魔法学園ヤマダ、教員棟地下のコアルーム。
以前よりもグレードアップしたその場所にはコアを中心に円卓が設置され、教員たちが席についていた。
いずれもコアの魂を分割して作ったヤマダ一族であるが遺伝子や魔力などの検査を行ったとしてそうであるとは分からないだろう。彼等はあらゆる観点から見て「独立」した個体であり、文字通り「創造」された存在なのだから。
その根源たるコアは報告を聞いて何度も頷いていた。
今は丁度、キリアンから通信魔法で報告を受けているところだが……。
「……ふーん。じゃあ、キリアンたちは上手くやってるんだな」
『ああ。とはいえ苦労はある……何度縁談を持ち込まれたか数えたくもない』
「凄いな。概ね狙い通りじゃないか」
『それはそうかもしれないけどな……ああ、事前に聞いてなかった問題も見つかったぞ』
「問題? いっぱいありそうだけどどれだ?」
『自力で魔法を習得した奴がチラホラいるみたいなんだ。王家魔法だの秘伝魔法だの、そういうのが結構ある。体系だったものじゃなくて単発だけどな』
「ふーん……なるほどなあ」
キチンと理論化された魔法は魔塔が独占していても、魔力がないわけではない。その中で野生の天才的な人物が何かしらの魔法を1つ作れば、それが秘伝だなんだともてはやされる……というわけだ。
(深刻ではあるけど、魔法そのものへの関心は世界的に高い……まあ、だから魔塔が権力を握れてるわけでもあるか)
「ありがとな、キリアン。その調子でやってくれ」
『ああ』
キリアンからの通信が切れてコアは「ふーむ」と手に入れた情報を反芻していた。
クリスからの報告でもやはり同じように婚約話が数えきれないほど出てきているそうだが、たぶん魔法学園でも似たようなことが起こるだろう。それはなんとも……。
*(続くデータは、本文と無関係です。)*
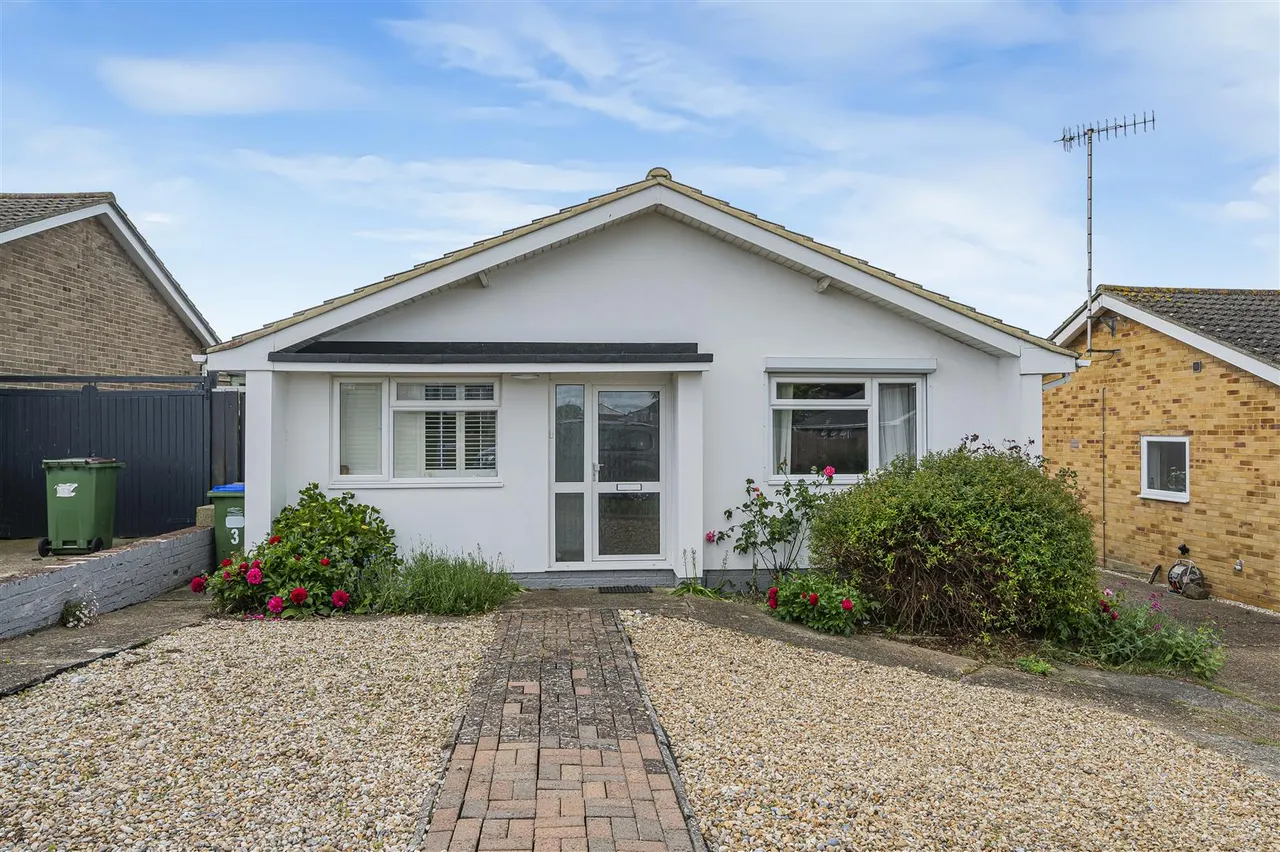 St. Margarets Rise, Seaford, photo 21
「青春大爆発! いやあ面白いなあ! 学園にレモンの香り漂いそうだ!」
「レモンの香りで済みますかのう……儂も狙われそうな気がしますぞ」
ダリアン校長が苦笑するが、他の教員の面々は困ったような顔や苦々しい顔……色々だ。
まあ、当然だ。「先輩」がああなるのだから「教師」であればどうなるかなど予想するまでもない。
しかも教師陣は皆美形揃いなのだ。狙わない方がおかしいかもしれない。
「あ、そうすると俺だけモテないのか? ちょっと寂しいな」
「コアはコアですからなあ……存在が露見すればある意味でモテるかもしれませんが」
「絶対略奪愛じゃん、物理的な。ヤダよ」
「ハッハッハ!」
「この野郎……」
大笑いするダリアン校長をそのままに、アベルが手をあげる。
「よろしいですか?」
「お、どうしたアベル」
「コアがその気になれば、形を変えて此処から動くことも可能だと俺は推測しています」
「まあ、そうだな」
それはその通りではある。コアがその気になれば自分自身に「設定」をつけて動くことだって可能だろう。それをしないのは何故か?
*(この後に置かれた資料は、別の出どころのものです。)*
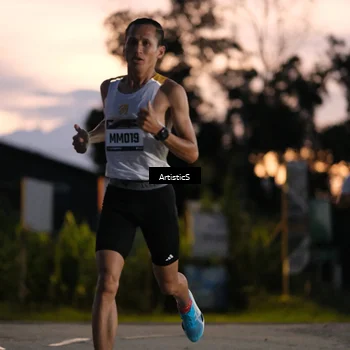Runner Photo 9099455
実際ダリアン校長もそれは理解していたが、言わなかったのはダリアン校長とアベルの性格の差だろう。
アベルは此処にコアが縛り付けられていることに納得がいっていないのだ。
「うーん……これを言って理解してもらえるか分からないんだけどさ」
「仰ってください」
「うん。俺さ、主役になりたくないんだよ」
「……はい?」
「どっちかというと壁とか空気とかになりたいタイプなんだ。そうして永遠に良質な物語を特等席で摂取していたい……」
アベルが大きな疑問符を浮かべているのを見て、コアは「あー、やっぱ分かんないよな」と苦笑する。
「俺が動けば絶対目立つだろ?」
「そうですね」
「そういうのが嫌なんだよ。俺のことなんか気にせず明るく元気に生きてほしい……そして俺はそれを見ていたい……」
「傍観者でありたい、と」
「そういうこと。もし万が一何か動かなきゃならない事態が発生したとしても、人間にはなりたくないな……出来ればそういう役割もキリアンとかに任せておきたい」
コアが人間の姿になれば、間違いなく最強だ。この魔法学園ヤマダのエネルギー源そのものであり、学園最強であるダリアン校長よりも理不尽な力を振るえるだろう。なんか、それが嫌なのだ。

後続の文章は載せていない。